I paid MYR 250 for this room via booking.com a few days ago. The owner of our hotel in George Town warned me it was a bit out of town. That's not necessarily a bad thing, however in this case it was. We checked in, were given a key card and pointed to the elevator. Our room 201 was well appointed, although filthy non opening windows with a brick lattice wall about 30 cm beyond them were certainly not attractive.

Our room safe didn't work. A call to reception resulted in two men coming to sort this out. They sent out for batteries, changed them, it still didn't work. The hotel offered to move us to a different room, so we duly packed up our stuff and were shown to room 205. This room was tiny, with the TV positioned at a 45 degree angle to the bed. I could envision two crook necks coming up, as we've become rather fond of the Asian Food channel. By now I'm pretty hot under the collar, we haven't eaten, were stuffed around at the train station, and any grace I have is long gone.

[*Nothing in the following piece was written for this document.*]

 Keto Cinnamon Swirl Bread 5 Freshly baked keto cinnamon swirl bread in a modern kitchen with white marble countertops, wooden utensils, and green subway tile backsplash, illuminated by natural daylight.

The hotel refused any reduction in price for the tiny room, and also refused to hold our valuables at reception pending changing of the safe. Seriously ?? Their reception is not safe, you've got to be kidding. Err, no. We ended up in room 101 as a compromise, not as nicely furnished as 201, but the same size with a watchable TV.

I now need a thesaurus to look up scathing for my upcoming booking.com review.